Journey
Present at Every Place of Sorrow
A Peace and Justice Perspective
Every morning as I begin my prayer, I strike a match, light a candle, and pray aloud these words from Isaiah 42:3: “A bruised reed he will not break, and a smoldering wick he will not snuff out.” The Message translation of Isaiah 42:3 expands the sense of God’s servant as so tender, so gentle, that even the most fragile reed is safe; even a sputtering flame is strengthened: “He won’t brush aside the bruised and the hurt and he won’t disregard the small and insignificant, but he’ll steadily and firmly set things right.”1 With these words prayed back to the Holy One, I hold God to the promise of protecting the vulnerable, especially those who are close to losing hope or giving up in despair. Besides the many in our world for whom this verse is a description of their ongoing suffering, it’s possible the same words might occasionally apply to and include us among the list of the bruised and the wounded.
You already know that this year we celebrated the 180th anniversary of our IHM founding, and you may be wondering along with us: What does it mean now and going forward to make larger, greater, or more intense the extraordinary gift we IHMs have been given by the Holy Spirit? How are we meant to bear witness to divine love and presence in our beautiful yet wounded world in this time and place? As peacemakers giving our lives over in love and service to God’s dream of abundant life for all people—no exceptions—how are we called now to make our charism more noticeable, powerful, or significant in the arena of justice?
I’m reminded of Edith Stein’s counsel to those who desired to be in union with the Crucified Christ. She notes, “If you are serious about this, you will be present, by the power of His Cross… at every place of sorrow.”2 Fully present, at every place of sorrow. To do this, we look to the witness of Jesus, whose preferred company often included the very people the dominant forces of society were trying to banish out of sight and out of mind.

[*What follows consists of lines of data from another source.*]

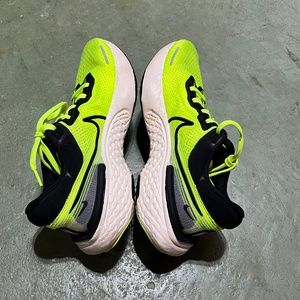 Nike ZoomX Invincible Run Flyknit Men's Sneaker Running Shoe Size 10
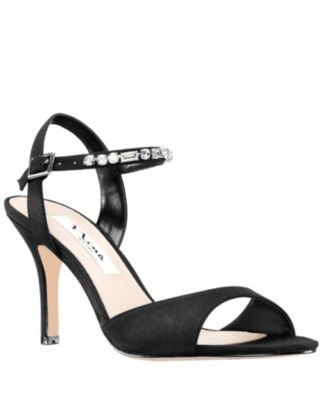 nina vera strap sandals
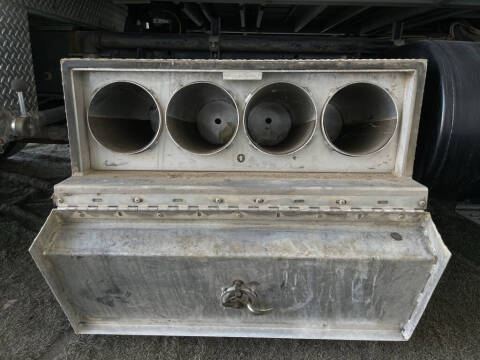 2004 International WorkStar 7400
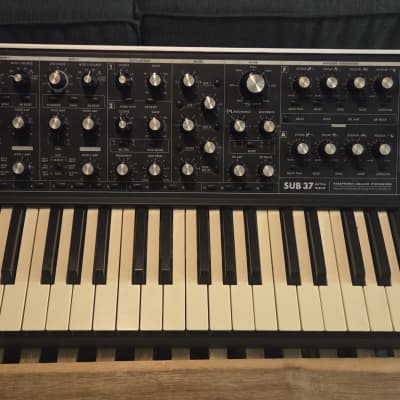 Moog Sub 37 Tribute Edition 2010s Black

As we reflect, we may be struck by the prepositions used to describe where and how Jesus stood. He associated with those outside: those with limitations of sight, hearing, mobility, education, privilege. Those considered beneath the accepted social norms: people possessed and disruptive, persons called unsightly because of disease, or strangers from another area, speaking a foreign dialect. Jesus walked among those whose backs were broken by the burdens of poverty. He ate dinner with tax collectors and assorted sinners. He hung around and was at home with those who hungered for bread and for meaning. It seems the only time Jesus went away from people was after a full day of being present to crying human need and knowing his own deep longing to be grounded and restored in prayer and stillness. All of these prepositions, when applied to our own unfolding realities, must be our preferred prepositions as well.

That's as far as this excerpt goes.